You're right. You can find studio and one bedroom apartments sub-$3K in places like Redwood City. The problem for starving founders is that landlords aren't going to lease to you when you can't show a sufficient, reliable income source (read: a real job) and sufficient credit score/history.
Yes there's Fremont, Hayward, Oakland, South SF, Daly City, and even more as well. Renting a room instead of an apartment helps a lot. It's $600-800 with utilities.
For rich people, it is a small sum. I've lived in a private room in East Palo Alto while working on startups for years for $500/month rent.
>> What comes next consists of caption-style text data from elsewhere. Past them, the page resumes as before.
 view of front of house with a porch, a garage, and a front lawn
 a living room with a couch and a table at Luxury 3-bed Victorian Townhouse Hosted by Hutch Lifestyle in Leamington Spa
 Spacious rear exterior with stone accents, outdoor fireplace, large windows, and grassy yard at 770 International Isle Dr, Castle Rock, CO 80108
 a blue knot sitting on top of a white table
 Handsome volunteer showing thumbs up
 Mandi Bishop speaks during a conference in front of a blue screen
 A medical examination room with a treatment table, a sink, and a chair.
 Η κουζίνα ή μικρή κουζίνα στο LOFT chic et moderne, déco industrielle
If having your own private place is a must, I think you should be working at a big company anyway, since you sure aren't sacrificing any comfort for your startup.
I agree that $12K is not so small. I don't remember the exact numbers, but $12K was very close to the money in the first YC batch, IIRC $4K*(n+1), where n is the number of founders.
For a team of 3, it is roughly equivalent to Australia's minimum wage for 8 weeks. It ain't much*
Best bet is to beg friends/family to look after to you (or to save up for living expenses) then chuck the $12k into the business idea where it is best used. I guess it is a test of resourcefulness, which one will definitely need to succeed in that game.
*That said it is $12k of strings-free money, and a very generous offer from a private company!
3k a month for a two-founder team. A single guy with no other obligations living in a cheap place might be able to pull it off. Married with kids -- forget it.
Eh, $3k/mo is not a great income, but it's exaggerating to say that it's an income only for a "single guy with no other obligations living in a cheap place". It's a typical middle-class American income, in fact it's almost exactly equal to the median income of a full-time worker in the United States [1]. Which, yes, is not great (the middle-class in the U.S. is not in great condition at the moment), but it's clearly neither just young single guys nor the bottom quintile living on that level of income. And, in larger households typically there's nowadays an expectation of two income earners.
Now if the goal is to entice people making 6 figures at a tech job to quit their jobs and join this program, it probably isn't enough money. But maybe that isn't the goal?
12k can easily pay off 2-3 months rent, server costs, marketing stuff, even a few flights. That's mental peace for 12 weeks to build something with 100% focus. That's an extremely high value priviledge.
This should make sense for a lot of startups.